Euglycemic Diabetic Ketoacidosis Accompanied by Severe Hypophosphatemia During Recovery in a Patient With Type 2 Diabetes Being Treated With Canagliflozin/Metformin Combination Therapy

Euglycemic diabetic ketoacidosis (DKA) is defined as acidosis with a blood glucose level <300 mg/dL and bicarbonate level <10 mEq/L and is associated with ketonemia/ketonuria (1). It is usually caused by starvation in conjunction with intercurrent illness in patients with diabetes. This is a relatively uncommon presentation that can go unrecognized.

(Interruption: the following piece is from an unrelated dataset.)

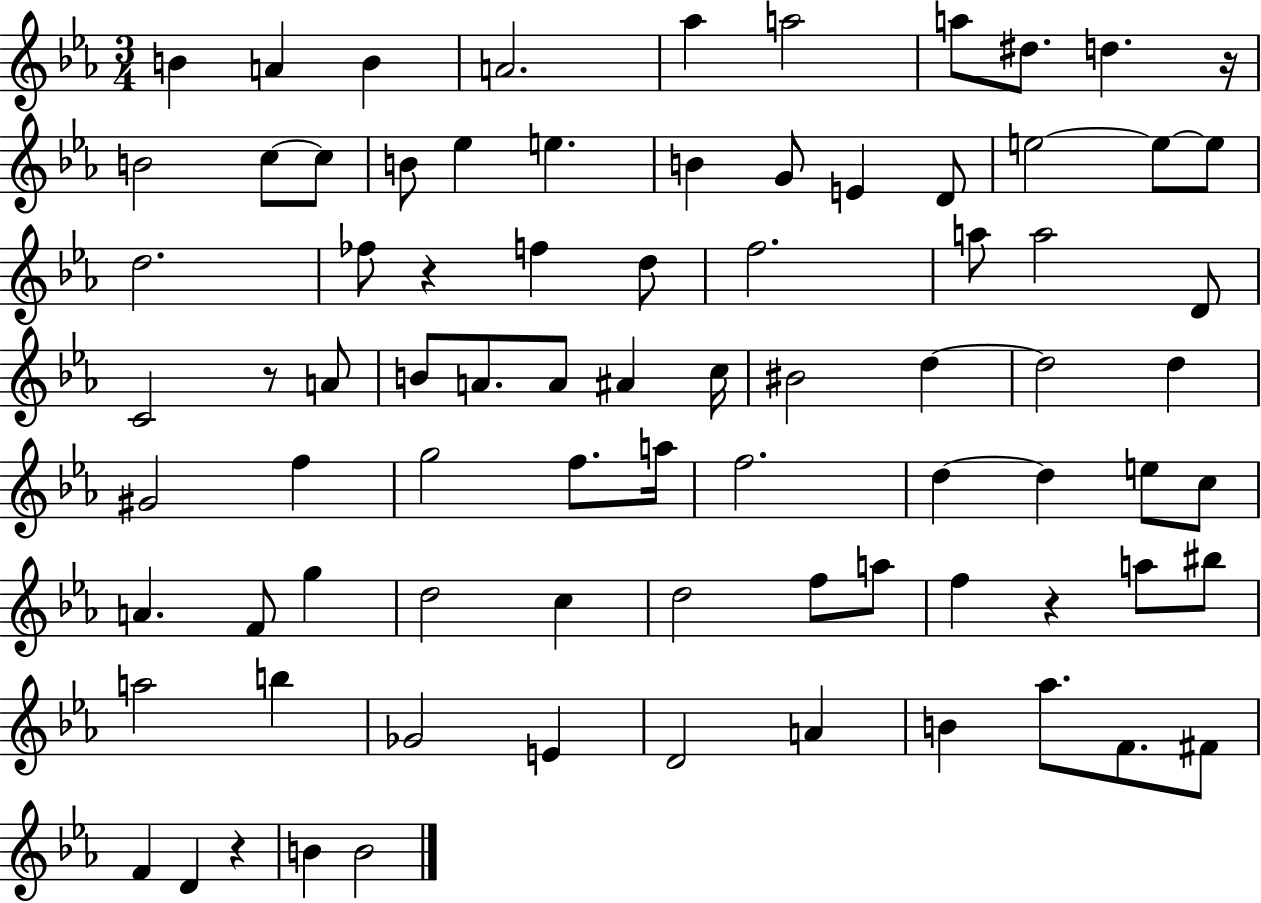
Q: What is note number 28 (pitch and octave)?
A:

Canagliflozin belongs to the class of sodium–glucose cotransporter 2 (SGLT2) inhibitors and is used for the management of type 2 diabetes. These agents lower blood glucose levels by selectively inhibiting SGLT2 cotransporters expressed in the proximal convoluted tubule of the kidney. Adverse effects include urinary tract infections, genital fungal infections (2), electrolyte abnormality, and DKA (3).

During the recovery phase of DKA, hypophosphatemia can develop as a life-threatening condition. However, it is uncommon to have a phosphate level as low as <1 mg/dL (normal range 2.5–5 mg/dL).

Herein, we describe the case of a patient with type 2 diabetes who presented with euglycemic DKA within 2 months of starting canagliflozin/metformin therapy. She had severe hypophosphatemia with phosphate levels <1 mg/dL during the recovery phase, requiring repletion of phosphate.

A 32-year-old woman with a history of type 2 diabetes presented to the emergency room with a 1-week history of nausea and intractable emesis. Two months earlier, she had started on combination therapy with canagliflozin and metformin. On admission, her laboratory test results were as follows: blood glucose level of 277 mg/dL, anion gap of 19 mmol/L, bicarbonate of 8 mmol/L, serum pH of 7.22, creatinine of 0.81 mg/dL, potassium of 4.4 mEq/L, corrected serum sodium of 129 mmol/L, and positive serum and urine ketones.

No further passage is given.